L’enjeu stratégique des terres rares est celui de l’avenir du progrès technologique des pays occidentaux. Le recyclage et la constitution de stock stratégique, comme pour le pétrole dans les années 1970, devraient permettre aux pays dépendants de la Chine d’assurer leur avenir technologique.


Sources :
- Wikipédia, l’encyclopédie libre
- Monsieur Moustache – « Géopolitique : le problème des terres rares » – Blog espion – 30 août 2011 http://blog-espion.fr/geopolitique-probleme-terres-rares/
- François Cornut-Gentille – « Géopolitique des minerais stratégiques : le cas pratique des terres rares » – 10 mars 2011 http://www.francois.cornut-gentille.fr/2011/03/10/geopolitique-des-minerais-strategiques-le-cas-pratique-des-terres-rares-video/
- Augustin Roch – « Minerais rares : vers un alignement des pays émergents sur les pratiques chinoises ? » – Affaires-strategiques.info – 28 février 2011 http://www.affaires-strategiques.info/spip.php?article4708
- Margaux Duquesne – « Métaux rares : un monopole chinois inquiétant » – France24 – 8 novembre 2010 http://www.france24.com/fr/20101106-2010-11-06-0410-metaux-rares-chine
- Augustin Roch – « Terres rares, rareté relative et implications géoéconomiques » – Affaires-strategiques.info – 2 août 2010 http://www.affaires-strategiques.info/spip.php?article3750


Par AD

2 commentaires:

Anonyme a dit…

Bon article qui ouvre ledébat d'un sujet crucial. Un ouvrage de référence sur la sujet est "Terres rares - Avenir industriel et future richesse de l'europe?" ou terresrares.fr. Très instructif !

SL a dit…

Attention vous confondez terres rares et métaux rares.

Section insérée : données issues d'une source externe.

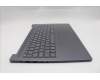 Lenovo 5CB1R27628 C-Cover with keyboard, Slovenian, Luna Grey, Backlight, UK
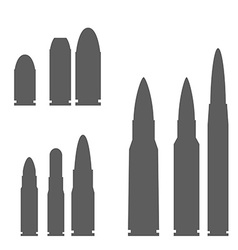 Bullet Silhouette Vector Images (over 5,500)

D'un côté les terres rares, qui sont un groupe de 17 éléments (dont l'yttrium, le cérium, le lanthane, le néodyme, le samarium etc.), ce sont en effet des métaux, ils sont produits presque uniquement par la Chine en ce moment.

De l'autre côté l'expression "métaux rares" (dont la définition est assez vague) dont les terres rares font partie, ainsi que l'antimoine, le lithium et d'autres éléments métalliques (la liste dépend des pays, des critères etc). La situation n'est pas la même pour tous les métaux rares, pour certains la Chine n'est pas le plus grand producteur (exemple du Lithium).

La terminologie prête à confusion mais sous des termes similaires se cachent des situations très différentes.